Pero, según la lógica del trabajo del arte, ese logro también debería
significar el término de ese movimiento de restitución a la imagen-materia de
sus potencialidades intensivas que se opera a través de cada uno de esos tipos
de imágenes cinematográficas. Sin embargo, Deleuze nos presenta ese logro como
un agotamiento. La culminación de la imagen-movimiento es también el instante
en que ésta entra en crisis, en que se rompe el esquema que vinculaba situación
y reacción, sumiéndonos en un mundo de sensaciones ópticas y sonoras puras. ¿Y
cómo se manifiesta esa ruptura? En el análisis de Deleuze lo hace mediante situaciones
de parálisis, de inhibición motriz: en La ventana indiscreta, el
cazador de imágenes Jeff, encarnado por James Stewart, está afectado por una
parálisis motriz: con la pierna escayolada, no tiene más remedio que ser voyeur de
lo que sucede al otro lado del patio. En De entre los muertos, el
detective Scottie, también encarnado por James Stewart, está paralizado por el
vértigo, es incapaz de seguir al criminal que persigue por los tejados o de
subir hasta la cima de la torre donde se perpetra un crimen disfrazado de
suicidio. En Falso culpable la mujer del falso culpable,
encamada por Vera Miles, se sume en la psicosis. La bella mecánica de la
imagen-acción desemboca, pues, en esas situaciones de ruptura sensoriomotriz
que hacen entrar en crisis la lógica de la imagen-movimiento.

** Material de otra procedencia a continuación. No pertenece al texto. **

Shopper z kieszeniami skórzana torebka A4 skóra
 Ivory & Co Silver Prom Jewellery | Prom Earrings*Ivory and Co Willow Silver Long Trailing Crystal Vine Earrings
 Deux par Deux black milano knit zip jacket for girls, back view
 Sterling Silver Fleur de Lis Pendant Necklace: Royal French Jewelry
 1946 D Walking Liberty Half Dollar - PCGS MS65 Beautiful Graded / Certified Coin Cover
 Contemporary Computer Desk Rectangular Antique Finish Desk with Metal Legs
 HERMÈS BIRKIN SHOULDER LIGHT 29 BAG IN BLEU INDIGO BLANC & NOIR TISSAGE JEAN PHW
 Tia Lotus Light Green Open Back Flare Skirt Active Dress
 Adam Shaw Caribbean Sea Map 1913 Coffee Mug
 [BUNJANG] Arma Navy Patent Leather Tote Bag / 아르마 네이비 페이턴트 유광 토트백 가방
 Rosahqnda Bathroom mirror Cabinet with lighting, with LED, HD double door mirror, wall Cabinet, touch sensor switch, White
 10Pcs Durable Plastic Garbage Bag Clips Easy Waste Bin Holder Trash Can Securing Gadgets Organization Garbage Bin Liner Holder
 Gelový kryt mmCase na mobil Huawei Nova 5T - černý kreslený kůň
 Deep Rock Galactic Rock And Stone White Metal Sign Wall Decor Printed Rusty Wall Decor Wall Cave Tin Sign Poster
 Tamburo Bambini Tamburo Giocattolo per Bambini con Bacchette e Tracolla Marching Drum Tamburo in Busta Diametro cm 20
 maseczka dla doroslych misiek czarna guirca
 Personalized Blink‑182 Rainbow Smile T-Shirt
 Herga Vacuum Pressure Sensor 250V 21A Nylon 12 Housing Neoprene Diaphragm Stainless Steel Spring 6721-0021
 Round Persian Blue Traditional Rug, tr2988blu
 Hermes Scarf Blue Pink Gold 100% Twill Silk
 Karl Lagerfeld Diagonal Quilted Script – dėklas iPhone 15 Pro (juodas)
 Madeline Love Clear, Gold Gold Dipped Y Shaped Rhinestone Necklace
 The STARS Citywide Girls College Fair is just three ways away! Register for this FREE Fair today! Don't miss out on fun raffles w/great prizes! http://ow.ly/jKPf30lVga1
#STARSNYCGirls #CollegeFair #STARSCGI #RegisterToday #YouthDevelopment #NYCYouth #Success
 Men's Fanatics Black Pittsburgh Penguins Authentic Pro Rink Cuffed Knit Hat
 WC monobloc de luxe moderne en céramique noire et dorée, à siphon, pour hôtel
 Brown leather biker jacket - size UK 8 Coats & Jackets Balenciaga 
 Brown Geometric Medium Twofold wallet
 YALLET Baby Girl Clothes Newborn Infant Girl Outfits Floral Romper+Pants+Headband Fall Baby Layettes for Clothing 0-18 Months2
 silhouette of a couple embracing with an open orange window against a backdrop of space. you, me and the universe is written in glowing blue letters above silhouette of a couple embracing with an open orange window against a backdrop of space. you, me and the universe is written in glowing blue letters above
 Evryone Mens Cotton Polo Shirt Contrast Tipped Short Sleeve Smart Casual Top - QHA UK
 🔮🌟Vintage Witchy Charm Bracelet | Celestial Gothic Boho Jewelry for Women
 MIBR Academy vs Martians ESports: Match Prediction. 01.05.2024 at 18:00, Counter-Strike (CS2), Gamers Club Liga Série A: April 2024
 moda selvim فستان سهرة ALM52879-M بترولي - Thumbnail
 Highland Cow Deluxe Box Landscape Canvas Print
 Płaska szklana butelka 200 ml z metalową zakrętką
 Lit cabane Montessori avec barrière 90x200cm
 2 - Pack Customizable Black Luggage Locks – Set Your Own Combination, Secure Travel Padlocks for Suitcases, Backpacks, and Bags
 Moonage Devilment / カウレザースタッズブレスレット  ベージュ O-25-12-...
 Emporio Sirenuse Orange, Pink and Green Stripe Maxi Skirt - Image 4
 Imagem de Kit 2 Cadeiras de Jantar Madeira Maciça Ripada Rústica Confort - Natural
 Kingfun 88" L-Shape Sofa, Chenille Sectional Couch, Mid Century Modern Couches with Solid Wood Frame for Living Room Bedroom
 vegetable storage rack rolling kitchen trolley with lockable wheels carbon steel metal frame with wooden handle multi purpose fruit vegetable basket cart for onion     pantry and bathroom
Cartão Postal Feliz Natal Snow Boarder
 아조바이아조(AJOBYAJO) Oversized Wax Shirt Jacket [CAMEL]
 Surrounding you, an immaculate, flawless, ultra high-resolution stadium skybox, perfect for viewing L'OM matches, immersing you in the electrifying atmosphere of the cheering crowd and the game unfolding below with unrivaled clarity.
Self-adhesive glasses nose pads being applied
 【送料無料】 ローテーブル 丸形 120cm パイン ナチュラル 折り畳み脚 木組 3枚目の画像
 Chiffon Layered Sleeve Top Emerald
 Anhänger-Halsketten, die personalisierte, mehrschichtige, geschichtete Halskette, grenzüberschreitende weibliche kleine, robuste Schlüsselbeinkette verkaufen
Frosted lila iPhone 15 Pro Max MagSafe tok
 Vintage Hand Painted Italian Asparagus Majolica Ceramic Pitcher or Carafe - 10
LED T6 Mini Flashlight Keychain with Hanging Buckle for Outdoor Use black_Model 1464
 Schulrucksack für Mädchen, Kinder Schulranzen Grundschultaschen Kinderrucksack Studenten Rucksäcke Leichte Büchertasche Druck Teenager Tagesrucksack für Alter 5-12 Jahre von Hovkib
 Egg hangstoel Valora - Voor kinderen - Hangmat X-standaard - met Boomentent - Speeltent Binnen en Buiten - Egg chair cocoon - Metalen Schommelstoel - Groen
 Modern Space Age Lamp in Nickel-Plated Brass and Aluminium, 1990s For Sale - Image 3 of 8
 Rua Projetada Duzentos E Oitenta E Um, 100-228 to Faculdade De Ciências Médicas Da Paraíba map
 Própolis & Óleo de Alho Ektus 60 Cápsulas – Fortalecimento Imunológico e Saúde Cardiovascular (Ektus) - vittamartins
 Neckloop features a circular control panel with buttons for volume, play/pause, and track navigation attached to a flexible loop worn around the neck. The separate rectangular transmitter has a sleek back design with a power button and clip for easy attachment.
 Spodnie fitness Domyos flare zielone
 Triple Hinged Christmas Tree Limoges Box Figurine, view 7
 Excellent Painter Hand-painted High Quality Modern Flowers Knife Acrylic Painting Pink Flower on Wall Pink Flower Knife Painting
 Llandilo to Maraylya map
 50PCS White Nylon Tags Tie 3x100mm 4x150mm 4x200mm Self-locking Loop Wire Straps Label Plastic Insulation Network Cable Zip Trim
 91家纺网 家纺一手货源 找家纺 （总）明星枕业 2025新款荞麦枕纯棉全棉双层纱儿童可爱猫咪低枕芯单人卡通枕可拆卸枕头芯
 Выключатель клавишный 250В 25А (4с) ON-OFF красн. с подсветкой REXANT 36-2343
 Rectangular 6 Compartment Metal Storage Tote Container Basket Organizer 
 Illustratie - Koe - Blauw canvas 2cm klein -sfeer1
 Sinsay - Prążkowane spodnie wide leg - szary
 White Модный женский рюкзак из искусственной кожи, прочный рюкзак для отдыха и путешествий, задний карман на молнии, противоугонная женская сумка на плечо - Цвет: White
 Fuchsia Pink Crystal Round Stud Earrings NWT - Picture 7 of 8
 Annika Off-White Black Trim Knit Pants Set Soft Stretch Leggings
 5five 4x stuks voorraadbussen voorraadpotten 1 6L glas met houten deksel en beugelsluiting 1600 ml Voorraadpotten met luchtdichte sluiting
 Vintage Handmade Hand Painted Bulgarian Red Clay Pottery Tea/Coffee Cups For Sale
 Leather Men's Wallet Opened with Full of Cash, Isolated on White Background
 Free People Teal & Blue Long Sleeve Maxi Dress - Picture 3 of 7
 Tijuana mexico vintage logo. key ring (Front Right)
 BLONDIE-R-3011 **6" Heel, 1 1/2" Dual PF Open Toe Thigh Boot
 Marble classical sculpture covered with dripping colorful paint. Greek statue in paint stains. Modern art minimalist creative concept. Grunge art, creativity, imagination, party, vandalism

A primera vista, este análisis es extraño. La
«parálisis» de estos personajes define, en efecto, un dato ficcional, una
situación narrativa. Y uno no ve en qué sus problemas motores o psicomotores
impiden que las imágenes se encadenen y que la acción avance. Que Scottie sufra
de vértigo no paraliza en nada la cámara, la cual tiene por el contrario
ocasión de realizar un espectacular trucaje al mostrarnos a James Stewart
aferrado a un saledizo, pendiendo sobre un vertiginoso abismo. Nos dice Deleuze
que la imagen ha perdido su «prolongamiento motor». Pero el prolongamiento
motor de la imagen de Scottie suspendido en el vacío no es una imagen de Scottie
alzándose hasta el tejado. Es una imagen que empalma ese acontecimiento con su
continuación en la ficción, el plano siguiente que nos muestra a un Scottie ya
a salvo, pero sobre todo con la gran maquinación —narrativa y visual— a la que
dará lugar su revelada incapacidad: Scottie será manipulado en la preparación
de un falso suicidio que es un crimen real. El vértigo de Scottie no pone
ninguna traba, sino que por el contrario favorece el juego de relaciones
mentales y situaciones «sensoriomotrices» que se desarrollará en torno a las
siguientes preguntas: ¿quién es la mujer que Scottie tiene la misión de
vigilar? ¿Qué mujer cae del campanario? ¿Y cómo cae: suicidio o asesinato? La
lógica de la imagen-movimiento no se ve paralizada en lo más mínimo por el dato
de la ficción. Habrá que considerar entonces que esa parálisis es simbólica,
que Deleuze trata las situaciones ficcionales de parálisis como meras alegorías
para emblematizar la ruptura de la imagen-acción y su principio: la ruptura del
enlace sensoriomotor. Pero si es preciso alegorizar esa ruptura con emblemas
ficcionales, ¿no es porque dicha ruptura es imposible de encontrar como
diferencia efectiva entre tipos de imágenes? ¿No es porque el teórico del cine
tiene que hallar una encarnación visible de una ruptura puramente ideal? La
imagen-movimiento está «en crisis» porque el pensador necesita que esté en
crisis.
¿Por qué lo necesita? Porque la transición desde el
infinito de la materia-imagen al infinito del pensamiento-imagen es también una
historia de redención. Y esa redención siempre es contrariada. El cineasta
restituye la percepción a las imágenes arrancándolas de los estados de los
cuerpos y situándolas en el plano puro de los acontecimientos. Les confiere así
un encadenamiento-en-pensamiento. Pero tal encadenamiento-en-pensamiento es
siempre, al mismo tiempo, una reimposición de la lógica de la pantalla opaca,
de la imagen central que detiene el movimiento en todos los sentidos de las
demás y las reordena a partir de sí misma. El trabajo de restitución es siempre
un movimiento de nueva captura. Lo que pretende Deleuze, entonces, es
«paralizar» esa lógica de la concatenación mental de las imágenes, y para ello
está dispuesto a conceder una existencia autónoma a las propiedades ficticias
de los seres de ficción. Por eso recurre al cineasta manipulador por
excelencia, al creador que concibe un filme como estricto ensamblaje de
imágenes ordenadas para orientar —y desorientar— los afectos del espectador.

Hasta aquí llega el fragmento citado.